Highlights & Insights

  • Formalizing "black-box constraints" as a research setting: The study highlights the realistic "privacy-frozen model" scenario in DGSS for the first time. By exploiting the gap where "parameters are unreachable but input gradients are available," it moves the problem entirely to the input side—a valuable perspective.
  • Clever border-shaped prompt template: Learnable parameters only on the four borders with a zero center provide an elegant trade-off between effectiveness and minimal interference with the original image content. This is transferable to other black-box vision adaptation tasks.
  • The softmax + tanh trick: Using a bounded function to suppress attention weights and prevent degradation into a "single-prompt focus" provides a reusable methodology for multi-expert or multi-prompt fusion.
  • Two-stage division + lightweight heads: SPG learns styles while APF learns selection. By freezing the shared encoder and only training two linear heads, the trainable parameters are reduced to 1.53M while outperforming full fine-tuning, demonstrating impressive parameter efficiency.

Limitations & Future Work

  • Dependency on external style sources and hyperparameter n: Style references are randomly sampled from ImageNet classes. The number of styles \(n\) and template padding are pre-set; the paper does not fully discuss the optimal \(n\) or sensitivity to style selection.
  • Absolute accuracy remains low: DGSS is inherently difficult; the best average mIoUs remain in the 37–44% range, far from practical utility. Additionally, cross-setting comparisons should be viewed with caution as some values are cited from elsewhere.
  • Inference overhead: Every image must pass through \(n\) generators before fusion. As \(n\) grows, inference cost increases. The paper lacks latency/throughput analysis.
  • Future Directions: Exploring unsupervised test-time adaptation for fusion weights (currently fixed at inference) or automatically selecting style references based on target domain statistics rather than random sampling.
  • vs ISW / SAW (Style Decoupling/Augmentation DGSS): These rely on whitening or randomization at the feature/backbone level to remove style, requiring modification of model parameters.
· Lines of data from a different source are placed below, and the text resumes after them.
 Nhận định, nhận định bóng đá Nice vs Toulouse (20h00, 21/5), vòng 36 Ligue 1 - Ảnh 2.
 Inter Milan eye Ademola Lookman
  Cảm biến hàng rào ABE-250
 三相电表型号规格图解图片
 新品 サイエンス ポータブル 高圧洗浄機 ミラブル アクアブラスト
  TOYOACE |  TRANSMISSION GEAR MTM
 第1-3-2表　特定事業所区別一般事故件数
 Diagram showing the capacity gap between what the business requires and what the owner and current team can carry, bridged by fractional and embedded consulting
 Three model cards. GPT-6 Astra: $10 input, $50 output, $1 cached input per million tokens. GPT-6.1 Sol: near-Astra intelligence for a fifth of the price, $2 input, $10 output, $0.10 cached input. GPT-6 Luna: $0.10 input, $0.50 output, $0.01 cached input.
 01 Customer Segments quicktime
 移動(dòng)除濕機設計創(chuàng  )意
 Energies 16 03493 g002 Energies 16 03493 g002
Ours avoids touching the backbone entirely, using adaptive prompts at the input level, thus working with frozen black boxes and outperforming these 25M-parameter methods with only 1.53M parameters.
  • vs A2XP (Privacy Visual Prompting): A2XP also targets frozen models using cross-attention to integrate multi-expert prompts, but its prompts are style-fixed and designed for classification. Ours introduces content-adaptive border modulation + multi-style expansion, leading to a significant lead (approx. 12–14% higher average) in segmentation.
  • vs VPT / X-Prompt (Visual Prompt Tuning): These methods inject prompts into internal model tokens/layers, requiring access and modification of the architecture. Ours treats the prompt as an external perturbation to the input image, bypassing dependencies on internal structures.

Rating

  • Novelty: ⭐⭐⭐⭐ First to formally set privacy-frozen models in DGSS; the combination of border adaptive prompting + cross-attention fusion is novel.
  • Experimental Thoroughness: ⭐⭐⭐⭐ Five datasets across three cross-domain settings with multi-perspective ablations on components/initialization/attention. Lacks inference overhead and style-number sensitivity analysis.
  • Writing Quality: ⭐⭐⭐⭐ Clear motivation and good diagrams; some mathematical notation is slightly abbreviated.
  • Value: ⭐⭐⭐⭐ High parameter efficiency for real-world black-box deployment; concepts are transferable to other frozen model adaptation tasks.